● **Task brief**: Could you set down exactly the lines of the data below, starting at the one that holds "fotbalové soutěže. Příbramský" and ending at the one that holds "Produktbild Kingston FURY", both included, and only those?

● **Provided data**:
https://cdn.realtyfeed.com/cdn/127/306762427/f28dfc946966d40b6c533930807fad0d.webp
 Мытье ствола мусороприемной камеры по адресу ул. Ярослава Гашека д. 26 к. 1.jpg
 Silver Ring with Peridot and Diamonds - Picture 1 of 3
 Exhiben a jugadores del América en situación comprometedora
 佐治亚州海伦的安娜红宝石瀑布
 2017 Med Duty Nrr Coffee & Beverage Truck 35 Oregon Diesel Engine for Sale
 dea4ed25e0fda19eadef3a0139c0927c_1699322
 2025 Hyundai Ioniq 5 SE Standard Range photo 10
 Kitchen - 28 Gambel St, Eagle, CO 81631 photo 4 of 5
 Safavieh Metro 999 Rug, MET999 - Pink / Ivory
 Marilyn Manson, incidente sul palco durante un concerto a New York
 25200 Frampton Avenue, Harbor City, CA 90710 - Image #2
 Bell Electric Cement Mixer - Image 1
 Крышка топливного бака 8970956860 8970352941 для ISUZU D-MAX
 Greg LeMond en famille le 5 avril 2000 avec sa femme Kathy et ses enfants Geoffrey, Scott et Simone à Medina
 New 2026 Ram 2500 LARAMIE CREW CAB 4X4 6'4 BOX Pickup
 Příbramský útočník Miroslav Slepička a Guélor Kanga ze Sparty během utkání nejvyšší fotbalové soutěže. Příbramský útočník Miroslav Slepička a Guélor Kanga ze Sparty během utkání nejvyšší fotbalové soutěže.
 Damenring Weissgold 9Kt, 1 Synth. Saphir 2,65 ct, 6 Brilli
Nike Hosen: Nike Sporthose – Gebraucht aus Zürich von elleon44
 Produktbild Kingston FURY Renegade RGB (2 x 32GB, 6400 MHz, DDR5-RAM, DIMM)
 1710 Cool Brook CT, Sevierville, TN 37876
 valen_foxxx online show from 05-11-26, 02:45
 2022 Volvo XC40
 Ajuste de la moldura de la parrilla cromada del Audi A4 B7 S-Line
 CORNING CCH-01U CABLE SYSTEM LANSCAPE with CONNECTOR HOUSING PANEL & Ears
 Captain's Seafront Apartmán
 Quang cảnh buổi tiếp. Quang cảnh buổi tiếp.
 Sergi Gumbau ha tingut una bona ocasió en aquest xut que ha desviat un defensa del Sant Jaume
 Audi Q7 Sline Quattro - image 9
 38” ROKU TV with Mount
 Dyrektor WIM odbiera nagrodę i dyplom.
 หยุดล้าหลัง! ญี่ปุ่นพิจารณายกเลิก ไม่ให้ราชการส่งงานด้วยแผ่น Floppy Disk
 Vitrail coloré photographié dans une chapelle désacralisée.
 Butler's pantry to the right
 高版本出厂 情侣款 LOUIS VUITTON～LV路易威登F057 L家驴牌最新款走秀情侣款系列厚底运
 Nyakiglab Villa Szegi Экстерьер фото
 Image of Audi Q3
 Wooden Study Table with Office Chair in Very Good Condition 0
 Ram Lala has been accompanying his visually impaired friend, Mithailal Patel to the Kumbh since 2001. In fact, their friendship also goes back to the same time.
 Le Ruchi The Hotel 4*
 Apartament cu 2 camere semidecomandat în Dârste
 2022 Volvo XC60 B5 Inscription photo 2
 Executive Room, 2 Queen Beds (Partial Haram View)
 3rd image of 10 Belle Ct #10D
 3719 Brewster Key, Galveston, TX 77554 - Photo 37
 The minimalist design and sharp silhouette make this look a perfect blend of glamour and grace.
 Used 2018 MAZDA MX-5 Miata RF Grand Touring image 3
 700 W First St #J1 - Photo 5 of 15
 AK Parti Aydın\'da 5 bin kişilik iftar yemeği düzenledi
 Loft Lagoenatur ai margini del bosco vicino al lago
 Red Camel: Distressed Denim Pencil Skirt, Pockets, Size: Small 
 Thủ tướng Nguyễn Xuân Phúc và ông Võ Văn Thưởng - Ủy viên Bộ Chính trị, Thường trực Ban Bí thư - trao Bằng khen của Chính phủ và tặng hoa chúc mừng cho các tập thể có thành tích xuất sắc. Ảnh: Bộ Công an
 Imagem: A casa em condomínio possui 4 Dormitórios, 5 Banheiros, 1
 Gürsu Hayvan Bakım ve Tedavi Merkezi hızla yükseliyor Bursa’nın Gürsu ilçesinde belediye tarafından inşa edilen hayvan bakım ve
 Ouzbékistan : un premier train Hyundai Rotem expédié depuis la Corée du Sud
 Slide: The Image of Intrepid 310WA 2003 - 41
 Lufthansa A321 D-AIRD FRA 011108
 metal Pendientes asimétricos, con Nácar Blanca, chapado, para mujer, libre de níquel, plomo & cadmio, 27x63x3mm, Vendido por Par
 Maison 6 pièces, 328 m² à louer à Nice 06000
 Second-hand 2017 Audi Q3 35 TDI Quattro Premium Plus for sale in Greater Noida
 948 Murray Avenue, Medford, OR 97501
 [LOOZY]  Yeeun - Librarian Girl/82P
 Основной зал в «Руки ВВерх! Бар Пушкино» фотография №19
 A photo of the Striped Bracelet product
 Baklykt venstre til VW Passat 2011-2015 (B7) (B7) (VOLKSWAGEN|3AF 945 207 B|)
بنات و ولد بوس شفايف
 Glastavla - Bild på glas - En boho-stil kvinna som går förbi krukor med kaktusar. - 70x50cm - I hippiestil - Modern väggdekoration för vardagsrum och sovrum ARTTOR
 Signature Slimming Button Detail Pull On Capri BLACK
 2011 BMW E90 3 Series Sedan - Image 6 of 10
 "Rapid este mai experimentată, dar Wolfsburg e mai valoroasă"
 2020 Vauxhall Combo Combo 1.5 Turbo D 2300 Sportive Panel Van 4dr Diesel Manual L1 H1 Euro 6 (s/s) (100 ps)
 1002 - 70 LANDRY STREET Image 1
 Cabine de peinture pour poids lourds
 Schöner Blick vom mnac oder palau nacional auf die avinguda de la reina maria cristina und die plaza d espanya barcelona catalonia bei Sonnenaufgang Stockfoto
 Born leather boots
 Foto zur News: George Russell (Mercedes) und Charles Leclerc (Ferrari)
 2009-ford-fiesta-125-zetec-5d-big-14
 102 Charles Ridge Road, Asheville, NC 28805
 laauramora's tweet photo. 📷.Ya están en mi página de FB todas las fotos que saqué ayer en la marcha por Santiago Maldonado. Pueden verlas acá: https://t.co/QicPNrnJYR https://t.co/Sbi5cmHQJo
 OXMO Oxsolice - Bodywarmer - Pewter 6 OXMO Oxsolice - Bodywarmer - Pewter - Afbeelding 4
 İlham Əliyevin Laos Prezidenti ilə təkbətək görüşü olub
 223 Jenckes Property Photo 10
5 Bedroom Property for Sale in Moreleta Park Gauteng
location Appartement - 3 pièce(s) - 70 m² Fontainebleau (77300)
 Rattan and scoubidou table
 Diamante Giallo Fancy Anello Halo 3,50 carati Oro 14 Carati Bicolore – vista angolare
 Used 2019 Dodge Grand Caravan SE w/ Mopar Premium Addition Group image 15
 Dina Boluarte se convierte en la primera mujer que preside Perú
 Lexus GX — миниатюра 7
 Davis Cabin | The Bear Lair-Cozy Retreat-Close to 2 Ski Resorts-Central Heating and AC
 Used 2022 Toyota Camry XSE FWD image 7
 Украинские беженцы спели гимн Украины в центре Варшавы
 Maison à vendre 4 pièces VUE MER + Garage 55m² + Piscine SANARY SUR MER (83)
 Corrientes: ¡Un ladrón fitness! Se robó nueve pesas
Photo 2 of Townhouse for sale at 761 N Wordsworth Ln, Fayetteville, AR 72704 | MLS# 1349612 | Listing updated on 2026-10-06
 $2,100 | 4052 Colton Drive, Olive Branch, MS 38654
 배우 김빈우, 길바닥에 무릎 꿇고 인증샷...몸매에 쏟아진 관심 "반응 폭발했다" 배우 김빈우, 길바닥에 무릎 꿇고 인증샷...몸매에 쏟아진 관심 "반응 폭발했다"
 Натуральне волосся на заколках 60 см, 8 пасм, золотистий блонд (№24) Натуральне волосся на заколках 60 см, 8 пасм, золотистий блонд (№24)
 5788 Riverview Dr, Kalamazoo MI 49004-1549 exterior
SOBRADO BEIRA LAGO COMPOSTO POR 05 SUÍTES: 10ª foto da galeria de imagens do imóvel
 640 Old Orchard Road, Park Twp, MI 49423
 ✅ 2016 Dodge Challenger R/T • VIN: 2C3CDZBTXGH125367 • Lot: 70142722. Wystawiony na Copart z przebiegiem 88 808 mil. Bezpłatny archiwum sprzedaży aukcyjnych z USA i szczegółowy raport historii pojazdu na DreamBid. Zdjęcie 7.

● **Reply**:
 Příbramský útočník Miroslav Slepička a Guélor Kanga ze Sparty během utkání nejvyšší fotbalové soutěže. Příbramský útočník Miroslav Slepička a Guélor Kanga ze Sparty během utkání nejvyšší fotbalové soutěže.
 Damenring Weissgold 9Kt, 1 Synth. Saphir 2,65 ct, 6 Brilli
Nike Hosen: Nike Sporthose – Gebraucht aus Zürich von elleon44
 Produktbild Kingston FURY Renegade RGB (2 x 32GB, 6400 MHz, DDR5-RAM, DIMM)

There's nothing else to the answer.